28 ноября исполнилось 100 лет со дня рождения советского писателя Константина Симонова. В 1980 году для «Комсомольской правды» известный писатель и журналист Василий Песков написал очерк про своего коллегу и друга. Рассказал, почему таким особенным был для него белорусский город Могилев. О людях, которые его защищали. О поле, которое считал своим. Мы публикуем рассказ специально для читателей «СВ».

Кусок земли, запавший в душу


На шестом километре дороги, если ехать из Могилева в Бобруйск, шоссе слегка расширяется, в разрезе придорожной полосы елей и кленов проезжий видит площадку и на ней дикий камень. Памятник?.. Остановившись, видишь у камня цветы и хорошо знакомое факсимиле, резцом просеченное на валуне, - Константин Симонов. С тыльной стороны камня - литая доска: «…Всю жизнь он помнил это поле боя 1941 года и завещал развеять здесь свой прах».

Эти слова заставляют снять шапку и помолчать, глядя на поле, прилегающее к дороге.

Если проезжий не очень спешит, он от кого-нибудь узнает: полоса кустарника и деревьев, линейкой идущая в поле, скрывает остатки рва, который когда-то спешно вырыли - остановить танки. Но немецкие танки в 41-м остановил не этот теперь оплывший земляной ров, а люди, тут и полегшие. Симонов видел, как это было. Помнил об этом всю свою жизнь. И однажды обмолвился, что хотел бы, чтобы прах его был развеян на поле боя под Могилевом.

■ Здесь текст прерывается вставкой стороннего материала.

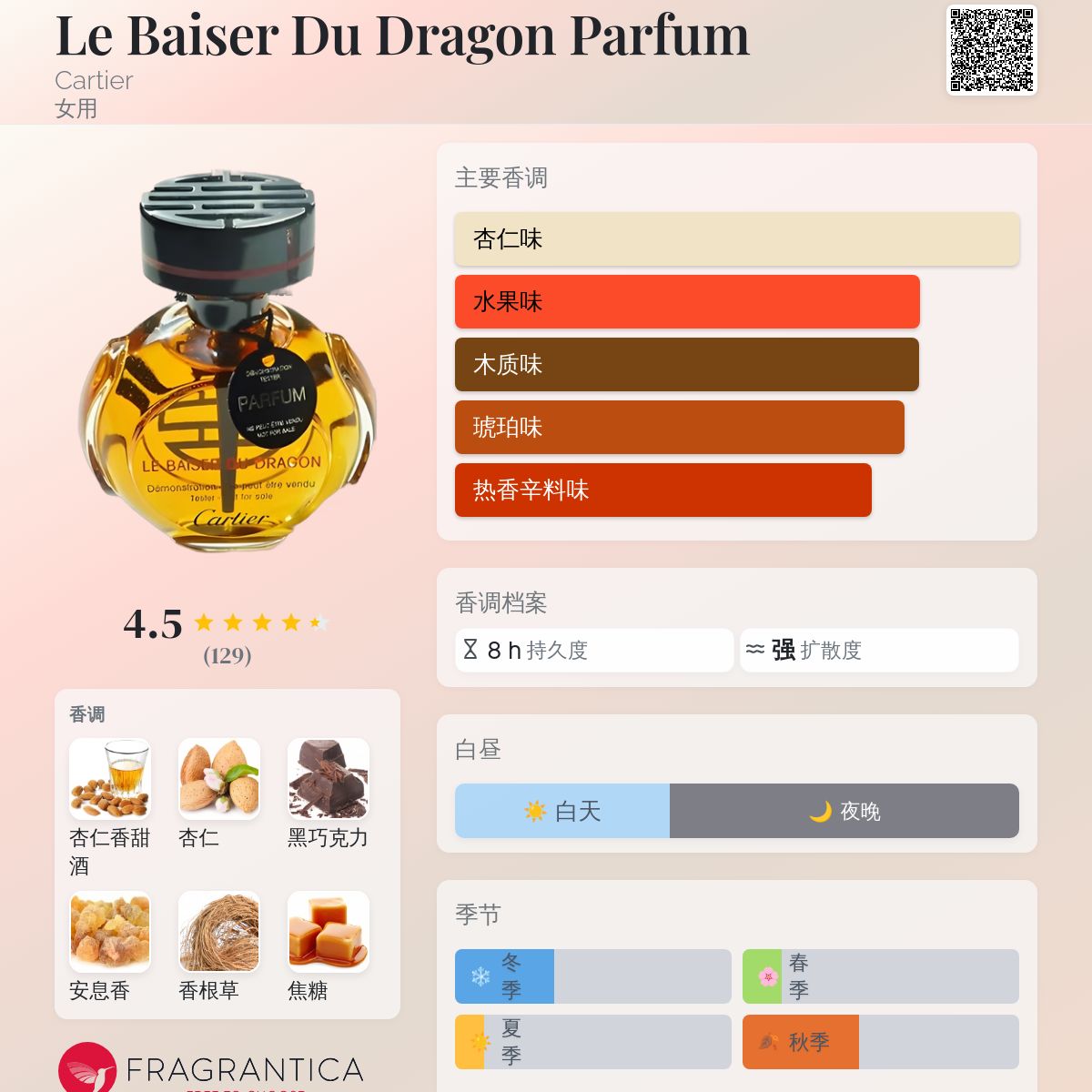 Le Baiser Du Dragon Parfum Cartier 香水- 一款2003年女用香水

…Симонов много видел и много всего пережил. И если уж так запал ему в душу кусок земли на подступах к Могилеву, то, видно, были на это причины немаленькие. И это действительно так.

Шел пятый день войны...

Я беседовал с Константином Михайловичем незадолго до его смерти. Перебрали многое, что пришлось пережить на войне и после войны, и было заметно: все, что касалось июня - июля 41-го, и особенно всего, что было пережито под Могилевом, его очень волновало. Читая книги его, статьи, вспоминая его беседы и публичные речи, многие могут заметить: слово Могилев непременно всюду нет-нет да и всплывет, и непременно в почетном ряду названий, в ряду таких славных мест, как Москва, блокадный Ленинград, Сталинград, Курская дуга, Севастополь, Одесса…

Оборона Могилева была героической. Город сражался в кольце врагов, когда оставлены были Минск и Смоленск, - сражался, зная, что обречен. Слава его заслуженная. Однако была у Симонова и личная приязнь к этому древнему белорусскому городу, к могилевским полям, лесам и дорогам. Обращаясь к опубликованным теперь военным дневникам писателя, отчетливо видишь причину этой приязни.

"Я был всего-навсего корреспондентом, но и у меня есть кусок земли, который мне век не забыть..."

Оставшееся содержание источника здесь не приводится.